Let’s suppose it does. Then what is a race, exactly? One might say it’s a group of people with common ancestry. Well, so is a family. How common, and how ancient? A snobbish Frenchman once remarked that Americans can amuse themselves endlessly trying to discover who their grandfather is, to which Mark Twain replied that Frenchmen can amuse themselves endlessly trying to discover who their father is. But almost all of us can amuse ourselves endlessly trying to discover who our great-great-great-grandfather was. If ancestry is the race-criterion, then it must be inferred, because it can’t be discovered.
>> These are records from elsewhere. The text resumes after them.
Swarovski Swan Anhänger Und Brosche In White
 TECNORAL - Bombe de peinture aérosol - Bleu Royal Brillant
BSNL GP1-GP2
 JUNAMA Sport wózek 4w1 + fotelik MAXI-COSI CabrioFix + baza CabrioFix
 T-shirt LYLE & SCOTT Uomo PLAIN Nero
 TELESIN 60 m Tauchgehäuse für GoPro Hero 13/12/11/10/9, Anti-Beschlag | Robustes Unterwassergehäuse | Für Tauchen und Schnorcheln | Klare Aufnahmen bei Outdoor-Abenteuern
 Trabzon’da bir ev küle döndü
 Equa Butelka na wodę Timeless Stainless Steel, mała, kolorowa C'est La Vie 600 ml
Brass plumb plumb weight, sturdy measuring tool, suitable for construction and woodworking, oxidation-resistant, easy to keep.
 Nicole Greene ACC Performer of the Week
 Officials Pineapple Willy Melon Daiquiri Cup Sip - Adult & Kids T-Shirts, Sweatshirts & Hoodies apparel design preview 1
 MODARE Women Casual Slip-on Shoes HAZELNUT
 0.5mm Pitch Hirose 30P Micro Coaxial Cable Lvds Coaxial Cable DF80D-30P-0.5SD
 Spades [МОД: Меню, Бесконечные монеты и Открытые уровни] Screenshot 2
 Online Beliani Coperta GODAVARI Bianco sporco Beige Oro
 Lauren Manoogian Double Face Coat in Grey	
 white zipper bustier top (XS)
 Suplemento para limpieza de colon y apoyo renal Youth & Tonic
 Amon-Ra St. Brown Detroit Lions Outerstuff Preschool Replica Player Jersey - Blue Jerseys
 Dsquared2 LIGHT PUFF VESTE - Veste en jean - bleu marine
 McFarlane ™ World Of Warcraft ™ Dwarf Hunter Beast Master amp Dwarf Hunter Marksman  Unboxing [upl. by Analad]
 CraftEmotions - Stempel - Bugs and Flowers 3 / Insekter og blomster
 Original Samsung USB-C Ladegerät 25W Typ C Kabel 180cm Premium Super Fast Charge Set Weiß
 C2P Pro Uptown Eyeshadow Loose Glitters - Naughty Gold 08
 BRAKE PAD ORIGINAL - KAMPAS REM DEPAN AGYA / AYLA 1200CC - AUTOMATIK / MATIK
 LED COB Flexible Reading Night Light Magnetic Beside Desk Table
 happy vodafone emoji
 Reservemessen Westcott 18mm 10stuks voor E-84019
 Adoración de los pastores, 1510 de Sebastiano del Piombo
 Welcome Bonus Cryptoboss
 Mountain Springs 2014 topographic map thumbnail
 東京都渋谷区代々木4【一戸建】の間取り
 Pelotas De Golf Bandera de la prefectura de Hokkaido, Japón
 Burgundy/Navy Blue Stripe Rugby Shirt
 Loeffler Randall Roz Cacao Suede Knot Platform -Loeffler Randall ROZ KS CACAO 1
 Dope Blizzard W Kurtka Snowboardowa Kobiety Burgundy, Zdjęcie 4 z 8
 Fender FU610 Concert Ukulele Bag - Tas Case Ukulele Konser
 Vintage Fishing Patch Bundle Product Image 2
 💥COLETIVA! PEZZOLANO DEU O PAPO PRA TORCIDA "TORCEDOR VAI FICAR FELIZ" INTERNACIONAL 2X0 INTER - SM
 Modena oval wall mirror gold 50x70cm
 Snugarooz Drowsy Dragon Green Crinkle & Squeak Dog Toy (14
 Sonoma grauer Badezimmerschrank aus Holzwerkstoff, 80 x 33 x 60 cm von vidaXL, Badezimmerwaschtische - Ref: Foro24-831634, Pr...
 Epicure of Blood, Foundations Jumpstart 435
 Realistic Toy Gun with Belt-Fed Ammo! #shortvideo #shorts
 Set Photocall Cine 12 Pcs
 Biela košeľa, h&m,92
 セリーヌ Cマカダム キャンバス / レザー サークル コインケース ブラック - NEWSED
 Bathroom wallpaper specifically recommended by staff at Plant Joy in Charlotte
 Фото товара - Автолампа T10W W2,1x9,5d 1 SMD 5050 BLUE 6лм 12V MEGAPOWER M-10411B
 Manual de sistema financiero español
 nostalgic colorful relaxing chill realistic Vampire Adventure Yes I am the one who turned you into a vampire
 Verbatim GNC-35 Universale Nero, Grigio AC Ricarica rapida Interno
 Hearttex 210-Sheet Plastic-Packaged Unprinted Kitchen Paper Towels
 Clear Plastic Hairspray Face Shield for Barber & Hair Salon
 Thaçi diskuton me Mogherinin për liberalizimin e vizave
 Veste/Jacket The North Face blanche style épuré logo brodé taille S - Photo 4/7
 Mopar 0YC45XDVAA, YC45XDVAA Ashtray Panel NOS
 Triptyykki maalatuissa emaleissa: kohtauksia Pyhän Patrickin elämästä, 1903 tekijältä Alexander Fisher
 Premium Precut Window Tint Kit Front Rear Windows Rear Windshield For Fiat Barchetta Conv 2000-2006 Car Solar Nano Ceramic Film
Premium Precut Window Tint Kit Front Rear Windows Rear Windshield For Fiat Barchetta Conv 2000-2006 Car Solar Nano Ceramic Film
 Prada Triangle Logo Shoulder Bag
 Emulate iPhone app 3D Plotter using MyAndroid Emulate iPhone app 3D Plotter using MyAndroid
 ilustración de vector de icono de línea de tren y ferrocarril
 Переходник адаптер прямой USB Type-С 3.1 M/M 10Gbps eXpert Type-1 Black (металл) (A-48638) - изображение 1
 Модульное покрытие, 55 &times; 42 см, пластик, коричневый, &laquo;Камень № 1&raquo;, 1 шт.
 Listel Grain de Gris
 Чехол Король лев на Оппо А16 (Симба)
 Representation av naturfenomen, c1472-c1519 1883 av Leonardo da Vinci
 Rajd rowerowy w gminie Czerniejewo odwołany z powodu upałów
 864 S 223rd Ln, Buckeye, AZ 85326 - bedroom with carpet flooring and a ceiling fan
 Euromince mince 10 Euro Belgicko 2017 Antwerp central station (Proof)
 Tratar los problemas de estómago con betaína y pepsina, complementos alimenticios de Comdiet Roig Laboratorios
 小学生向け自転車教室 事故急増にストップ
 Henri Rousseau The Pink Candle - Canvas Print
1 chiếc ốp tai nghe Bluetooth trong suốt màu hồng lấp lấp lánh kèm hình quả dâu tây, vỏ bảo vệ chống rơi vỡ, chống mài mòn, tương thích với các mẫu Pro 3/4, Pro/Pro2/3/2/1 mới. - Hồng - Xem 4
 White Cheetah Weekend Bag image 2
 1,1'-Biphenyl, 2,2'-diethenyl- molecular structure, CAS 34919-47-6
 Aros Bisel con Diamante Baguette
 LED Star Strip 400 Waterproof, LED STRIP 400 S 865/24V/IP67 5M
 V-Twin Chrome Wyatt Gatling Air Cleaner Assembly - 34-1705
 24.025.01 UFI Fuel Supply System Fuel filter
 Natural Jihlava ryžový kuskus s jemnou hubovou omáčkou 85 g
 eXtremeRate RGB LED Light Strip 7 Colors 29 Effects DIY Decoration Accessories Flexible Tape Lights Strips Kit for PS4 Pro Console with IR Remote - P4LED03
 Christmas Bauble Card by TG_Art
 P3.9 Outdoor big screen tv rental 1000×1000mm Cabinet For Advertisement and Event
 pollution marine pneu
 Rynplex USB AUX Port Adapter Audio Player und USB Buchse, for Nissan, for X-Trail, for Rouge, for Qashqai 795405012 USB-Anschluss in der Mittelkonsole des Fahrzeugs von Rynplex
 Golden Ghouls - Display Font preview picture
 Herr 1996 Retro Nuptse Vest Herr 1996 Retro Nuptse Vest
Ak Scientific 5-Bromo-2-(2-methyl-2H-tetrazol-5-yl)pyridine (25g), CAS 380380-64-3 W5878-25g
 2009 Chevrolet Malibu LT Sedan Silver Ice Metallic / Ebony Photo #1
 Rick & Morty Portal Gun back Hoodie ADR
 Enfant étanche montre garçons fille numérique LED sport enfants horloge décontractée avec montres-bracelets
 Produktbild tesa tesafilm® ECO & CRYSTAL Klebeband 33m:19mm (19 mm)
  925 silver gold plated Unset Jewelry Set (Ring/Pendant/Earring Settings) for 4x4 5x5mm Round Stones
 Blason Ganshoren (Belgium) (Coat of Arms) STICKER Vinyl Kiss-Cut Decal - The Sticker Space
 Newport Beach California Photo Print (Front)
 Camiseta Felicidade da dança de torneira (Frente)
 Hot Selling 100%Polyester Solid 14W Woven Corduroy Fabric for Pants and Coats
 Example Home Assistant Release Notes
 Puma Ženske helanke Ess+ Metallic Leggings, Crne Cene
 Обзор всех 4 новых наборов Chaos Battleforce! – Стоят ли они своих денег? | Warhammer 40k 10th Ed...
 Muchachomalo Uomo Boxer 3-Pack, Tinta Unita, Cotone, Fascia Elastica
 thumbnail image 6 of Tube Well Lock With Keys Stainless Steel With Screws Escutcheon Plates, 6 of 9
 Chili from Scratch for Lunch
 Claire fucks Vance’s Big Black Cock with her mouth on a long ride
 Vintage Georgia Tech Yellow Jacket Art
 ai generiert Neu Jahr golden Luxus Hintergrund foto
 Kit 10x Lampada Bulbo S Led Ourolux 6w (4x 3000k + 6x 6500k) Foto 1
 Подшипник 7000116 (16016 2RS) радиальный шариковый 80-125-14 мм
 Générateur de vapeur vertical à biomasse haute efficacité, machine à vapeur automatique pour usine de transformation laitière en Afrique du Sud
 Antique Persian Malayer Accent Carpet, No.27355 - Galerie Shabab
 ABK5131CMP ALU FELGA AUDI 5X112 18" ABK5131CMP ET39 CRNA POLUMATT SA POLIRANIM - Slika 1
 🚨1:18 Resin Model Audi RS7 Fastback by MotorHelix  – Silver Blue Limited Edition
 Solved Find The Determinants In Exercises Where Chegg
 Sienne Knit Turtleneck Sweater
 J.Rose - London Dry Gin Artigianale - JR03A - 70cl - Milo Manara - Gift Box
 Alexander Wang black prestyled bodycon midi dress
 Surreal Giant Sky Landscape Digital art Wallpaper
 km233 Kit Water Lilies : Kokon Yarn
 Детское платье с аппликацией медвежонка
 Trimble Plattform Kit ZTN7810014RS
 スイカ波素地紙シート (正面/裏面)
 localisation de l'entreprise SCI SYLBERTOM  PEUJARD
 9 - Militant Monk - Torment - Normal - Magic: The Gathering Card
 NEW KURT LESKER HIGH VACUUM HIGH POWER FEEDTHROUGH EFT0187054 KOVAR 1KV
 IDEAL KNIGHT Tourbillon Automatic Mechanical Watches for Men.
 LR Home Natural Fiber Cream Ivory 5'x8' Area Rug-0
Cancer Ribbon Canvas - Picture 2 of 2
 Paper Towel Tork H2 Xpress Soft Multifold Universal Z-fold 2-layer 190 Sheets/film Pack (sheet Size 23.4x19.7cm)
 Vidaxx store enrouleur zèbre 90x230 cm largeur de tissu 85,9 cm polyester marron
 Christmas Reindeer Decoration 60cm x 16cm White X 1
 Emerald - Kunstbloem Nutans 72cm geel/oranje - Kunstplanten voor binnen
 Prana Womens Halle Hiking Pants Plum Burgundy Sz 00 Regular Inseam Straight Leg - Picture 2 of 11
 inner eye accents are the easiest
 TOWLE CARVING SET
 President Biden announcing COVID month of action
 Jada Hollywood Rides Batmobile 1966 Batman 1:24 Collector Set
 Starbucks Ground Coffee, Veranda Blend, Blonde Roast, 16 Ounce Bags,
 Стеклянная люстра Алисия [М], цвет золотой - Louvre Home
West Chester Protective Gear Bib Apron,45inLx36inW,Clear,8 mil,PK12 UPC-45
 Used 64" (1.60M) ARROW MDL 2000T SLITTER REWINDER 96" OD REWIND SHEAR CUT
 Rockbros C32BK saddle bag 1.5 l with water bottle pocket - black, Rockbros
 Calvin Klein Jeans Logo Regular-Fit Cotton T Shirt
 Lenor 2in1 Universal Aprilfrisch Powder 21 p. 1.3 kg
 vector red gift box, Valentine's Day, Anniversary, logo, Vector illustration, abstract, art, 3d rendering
We are then left with the question of which characteristics show race. One might think that all of them do, but some are always favored over others. Skin pigmentation is very popular, but why is that more a racial characteristic than, say, height? The Nazi race-theorists used to like eye color. In the late 19th century, the heyday of race theories, skull shape was all the rage. Dolichocephalic, or long-skulled people, were supposed to be the guardians of civilization, while the degenerate broad-skulled (brachycephalic) types were all radical politics and dirty fingernails.
And how many races are there? Three seems to be the standard answer these days — Negro, Caucasian, Asian — but why only three? What about the Arabs? the Italians? the Irish? Don’t we also have to distinguish the Angles, the Saxons and the Jutes? Are there only races or are there sub-races as well? Race-theorists have given numbers ranging from two to two hundred. No logic dictates the choice. One might object that we don’t know exactly how many species there are either, yet we believe in the division. True; but once we get up to the level of families, or phyla, there is universal agreement among scientists. With race there is no agreement even at that level of granularity.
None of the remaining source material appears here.